Hace al menos tres años que nos arrastra el huracán de una economía abocada a la ruina, y tan habituados estamos ya a la cascada de pesimismo creciente que a veces cuesta trabajo distinguir entre las malas noticias y las peores. Entre macrorrecortes por arriba y por abajo, primas de riesgo, huelgas y demás angustias, estos días ha pasado casi desapercibido uno de esos aspectos de la realidad que además de revelar el estado de los bolsillos particulares, pésimo, supone un golpetazo a las conciencias, puesto que roza la parte más sensible de nuestra sociedad, los niños. El Informe anual de Unicef sobre la Infancia en España arroja datos tan estremecedores como que los niños son el grupo de edad más pobre, más incluso que los ancianos, y que 2,2 millones de ellos viven en hogares por debajo del umbral de la pobreza. Y añade el estudio que en el 2010 --la cosa habrá empeorado-- el porcentaje de pequeños en hogares con un nivel de pobreza alta fue del 13,7%, la mayor tasa de Europa salvo Rumanía y Bulgaria.

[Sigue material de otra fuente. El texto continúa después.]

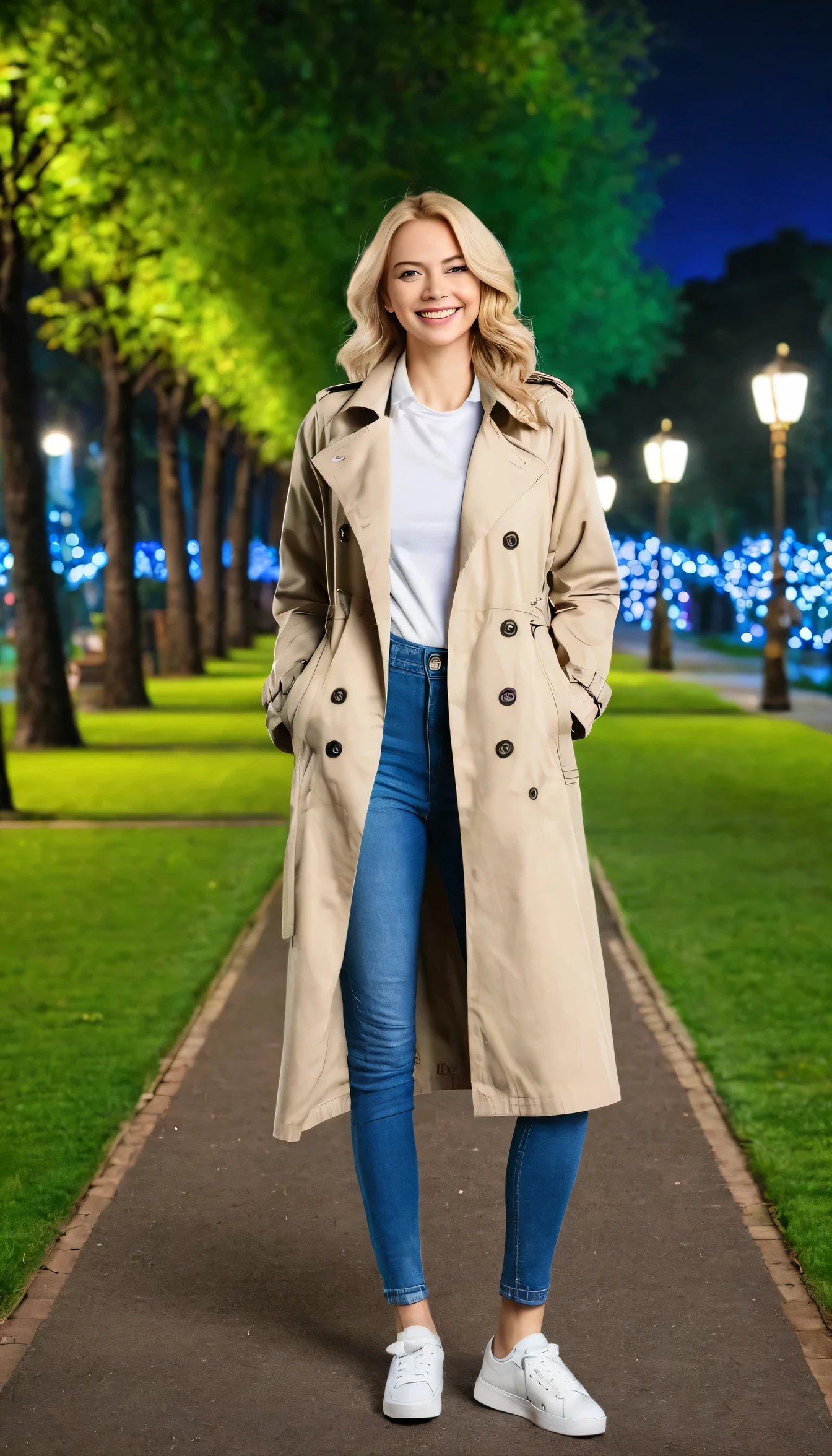 high quality,16K:1.1),(Written boundary depth:1.3) ,Full body photo、Standing Caucasian woman、smile、Smiling with teeth showing、Blonde Hair、blue eyes、Wearing a trench coat、shirt、Skinny jeans、sneakers、View your audience:1.3),(Full Body Shot:1.2),Background is a park at night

Los números son datos fríos, pero quizá pueda entenderse mejor su alcance si se completan con otro informe, el del Defensor del Menor de Andalucía, que José Chamizo acaba de presentar en el Parlamento autonómico. En él se alerta de la otra cara de la moneda, la desestructuración familiar que está provocando esa pobreza. Hasta el punto de que ha surgido un nuevo tipo de maltratador infantil, el chico que, acostumbrado a haber tenido todos los caprichos, se muestra ahora incapaz de aceptar las limitaciones materiales y se convierte en azote de los padres. El Estado del Bienestar se derrumba y llueven los cascotes. Pero hay partes especialmente vulnerables de la sociedad que los poderes públicos deben poner a salvo de la crisis.